Well, The Mummy of the previous generation was a bad movie series. It could work commercially because humour was an important part of this storytelling that the world is quite familiar with, palaces, kings, queens, princes, princesses, paramours, conspiracies, killings, tombs, mummies and pryramids.
And the natural inevitability – that how far can you go with a tellingly thin narrative – that any mummy is basically identified with Egypt’s Pyramids and some Egyptian royalty because of the controversial history surrounding them – so, a standalone chapter, or at best two can justify their arrival if they are given some good treatment. Even The Mummy’s previous incarnation had to look for other extensions beyond Egypt to keep the franchise lubricated beyond two but then it chose to suspend the movement beyond one more.
The latest Mummy has come to life after 2008, when the last movie of the series was released. The three previous Mummies were basically horror comedies to say best or if we say conservatively, they were action-comedy flicks which didn’t need star power but the treatment that could pull the viewer to the theatre. They were time-pass flicks running high on computer generated special effects. They didn’t need acting credentials for expressions or starry adrenaline for action sequences.
They simply needed a one point linear narrative that how to keep the viewer engaged for 100 minutes by producing a cocktail of commercial cinematic specs like comedy mixed with horror, special effects, good looking canvases and known mythological monsters. They were meant to entertain somehow. They were never meant to excel.
True, it can be argued that Tom Cruise is an entertainer and excellence in filmmaking is a reserved phenomenon. But he is certainly an actor who cannot, at this stage of his career, be associated with films that are meant to entertain somehow. He is a name. He is a star power. He is among the selected few names who are used to sell films.

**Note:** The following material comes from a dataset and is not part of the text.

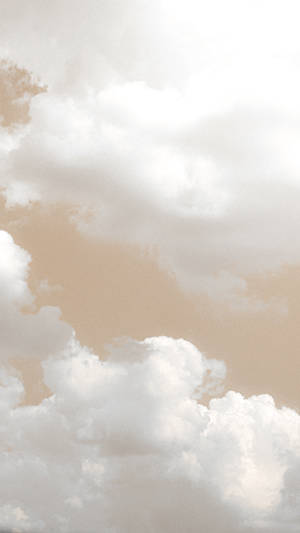 Cream Aesthetic Cloudy Sky Wallpaper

So, the big question is, what made Tom Cruise pick The Mummy 2017, a poor reboot that fails to create the effect of its mediocre but commercially successful predecessors, especially when the film has failed to create box office magic? Reports say the film generated only $400 million against its overall budget of $250 million. And critical reception, well its flooded with all kinds of negative witticisms – plain, convoluted, satirical, humorous and even comical.